Dear Messrs. Anderson and Binstein:
In your article "Kosovo Will Be Thornier Still than Bosnia" (August 9, 1995, CompuServe News Service), you paint a very disturbing picture of extended warfare in the Balkans. In your scenario, the peoples of the Balkans are actors in a Greek drama marching toward a predetermined tragic fate that they can lament but are powerless to change. The United Nations is the chorus, observing the drama as it unfolds and explaining it yet unable to affect the outcome.
First and foremost, your statement that "both Bulgaria and Greece consider Macedonia their territory" is a patently irresponsible one. While Bulgaria does indeed still harbor irredentist aspirations towards the Former Yugoslav Republic of Macedonia (FYROM), where the Slavic population speaks a dialect closely related to Bulgarian and where many FYROMians still consider themselves Bulgarian, Greece has repeatedly and genuinely stated that it has no territorial claims on land within FYROM whatsoever. And this is for a very good reason; not only are there very few ethnic Greeks left within FYROM today, but even during the Balkan Wars Greece had never laid claim to all of the region encompassing ancient Macedonia, only to the southern region it presently occupies where the majority of inhabitants were Hellenes. On the contrary, that Greece is embroiled in a dispute with FYROM over the use of the name Macedonia, the use of historical Greek symbols and the expansionist clauses in the new republic's constitution has everything to do with Greece's fear, well-founded in the historical record, of Slavic expansionism into her territory. In fact Greece, by far the most prosperous, democratic and stable nation in the Balkans, is the only country in the area not to harbor territorial claims on any of its neighbors. Your claim of Greek expansionist aims against FYROM is simply untenable and finds no support whatsoever in the record.

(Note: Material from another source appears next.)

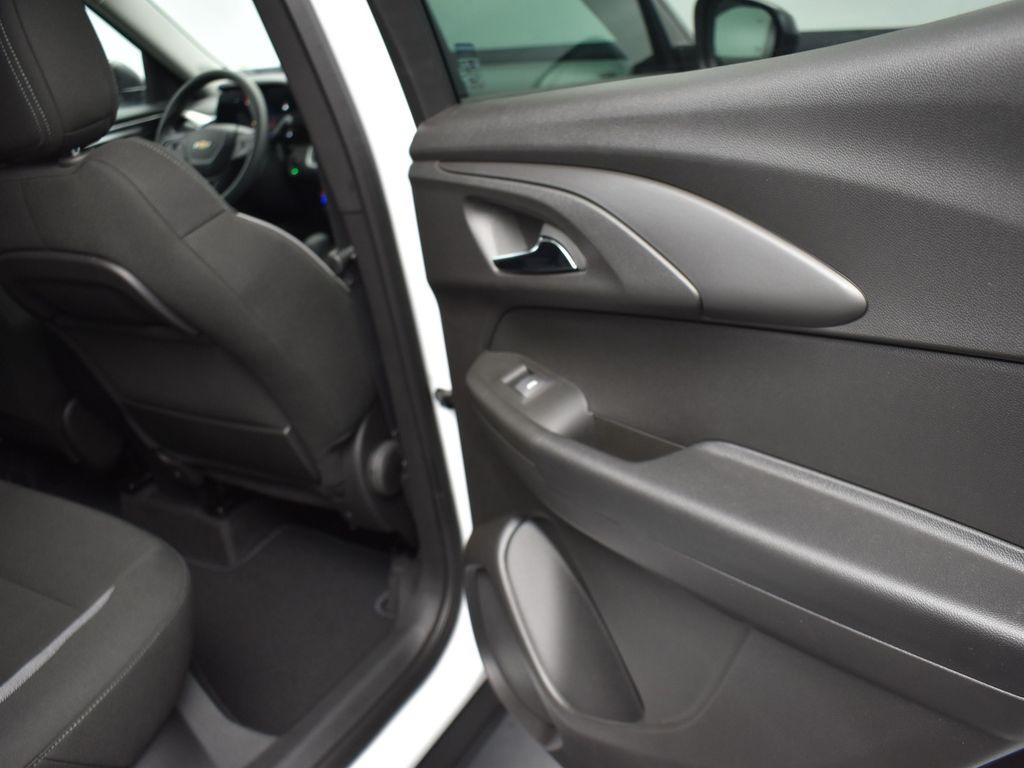 new 2025 Chevrolet TrailBlazer car, priced at $25,285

Your article also mentions Greece "enter[ing] the war against Albanian Muslims." Here, again, Greece does not have any territorial ambitions on Albania and her policies over the past two years provide ample proof. Rather, the specter of Greece being dragged into a larger Balkan War against Albania would be the result of Albanian persecution, and possibly ethnic cleansing, of its minority of approximately 250,000 to 300,000 Greeks in southern Albania. These Greeks of Northern Epirus, having lived there since ancient times, had somehow survived as a community despite horrific pogroms under communist despot Enver Hoxa. Under his regime, thousands of Greeks were executed, tens of thousands were tortured, imprisoned, and sent to labor camps, and thousands more were forced to relocate from their ancestral homes in the south of the country to the north in order to further dilute their numbers.

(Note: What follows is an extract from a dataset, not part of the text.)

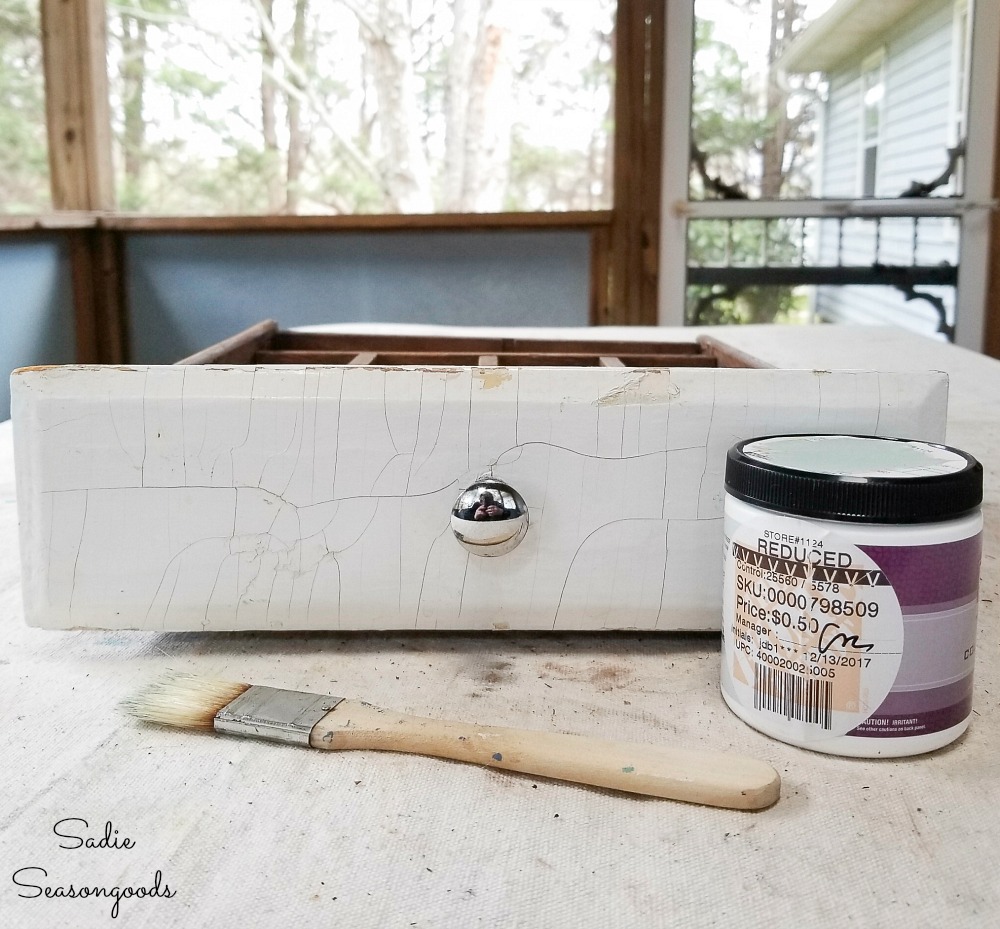 Cutlery drawer to be painted with green paint for Botanical decor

Despite having officially been granted a large degree of autonomy and having been granted extensive human rights guarantees under the 1914 Protocol of Corfu as well as by a landmark 1935 decision by the International Court of Justice (two classic expressions of international law which continue to serve as prototypes for the protection of ethnic minorities to this day), the beleaguered Greek minority of Albania continues to be denied basic rights including the right to practice its religion and teach its language. In April of 1994, Albania jailed a group of Greek-Albanian human rights activists on charges of espionage and prosecuted them in what amounted to a mockery of a trial condemned by the international community and human rights organizations. Throughout this trial and beyond, the Greek government maintained its cool and worked for the release of these activists without resorting to military threats. As a result of these largely unilateral diplomatic efforts by the Greek Government, relations between the two countries have been steadily improving.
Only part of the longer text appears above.